Judge Dredd: The Mega Collection
John Wagner, Carlos Ezquerra and Pat Mills
An excellent collection of the very best from the world of Judge Dredd
The high, although justifiable, cost may deter new readers, and existing Dredd fans will already have many of these titles.
“Justice has a price. The price is freedom”
(Judge Dredd: America, by John Wagner)
2000AD has long been an institution of British comics, ever since it was first published in 1977. The fact that it is still the only weekly science-fiction comic continuing to this day gives us an indication as to its excellence. Whilst 2000AD has introduced us to a vast array of characters, their most iconic is probably Judge Dredd.
What makes Judge Dredd such a fascinating character is that he is often written as a reaction to contemporary culture. The Apocalypse War for example, was written in 1982 in response to the ongoing cold-war between America and Russia, and despite the storyline being over thirty years old it continues to remain a thrilling saga, which is a testament to John Wagner’s writing.
However, Judge Dredd’s ongoing storyline spans over three decades, which can an intimidating back-story for new readers wanting to understanding the world of Judge Dredd. The aforementioned Apocalypse War storyline is one such example, as the ramifications continue to be felt in this series. It is for this reason alone that Judge Dredd: The Mega Collection is such a tempting offer.
Judge Dredd: The Mega Collection starts with America, which is quite possibly the greatest Judge Dredd story to be found, and whilst the original graphic novel included the two sequels to America (America II: Fading of the Light and Cadet), the Mega Collection also includes stories featuring Judge Beeny, further continuing the America saga. Many of the stories have previously been released as graphic novels, yet they have rarely felt as complete as they do here.
Despite the title, Judge Dredd: The Mega Collection includes storylines centred on characters other than Judge Dredd, such as Judge Anderson. The character of Judge Anderson makes an excellent humanistic counter-point to Judge Dredd’s obsession with the law.
The artwork has been carefully reproduced from when it was first published, which must have been no easy task given the Dredd’s long history. Artists include Judge Dredd co-creator Carlos Esquerra as well as Colin MacNeill, and remain as exquisitely visceral as when they were first published.

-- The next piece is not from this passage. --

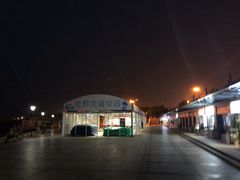 -日照灯塔风景区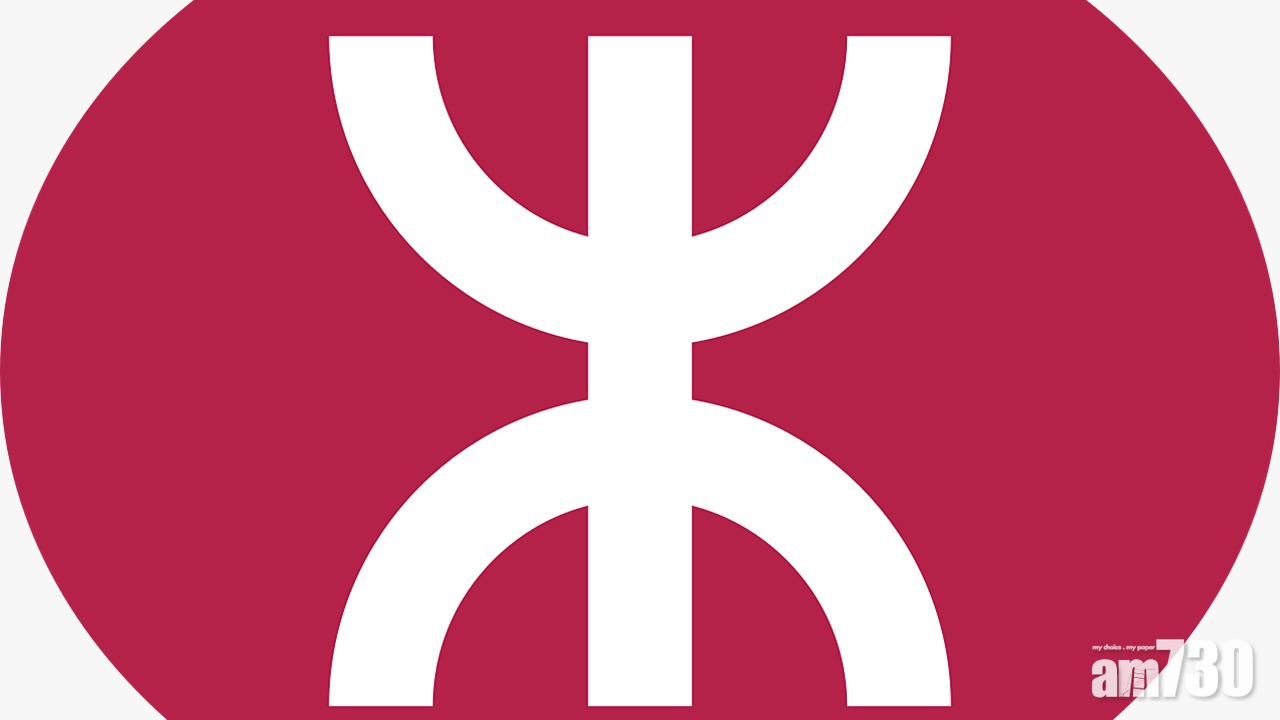 【更新】有裂縫路軌已臨時鞏固　西鐵服務陸續恢復正常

The covers for the Judge Dredd: The Mega Collection are simply gorgeous. Hachette have taken a panel from each storyline, stripping it of all colour, before adding the occasional touch of red to create a series of striking covers.
Part of me wonders who Judge Dredd: The Mega Collection is designed to appeal to. Existing fans will already have many of the storylines that are collected here, and thus unlikely to want duplicates they already own (despite how good the covers may look). Likewise, £20/month may seem steep for casual and new fans; however, this is not an unreasonable price for what will be two excellent graphic novels a month.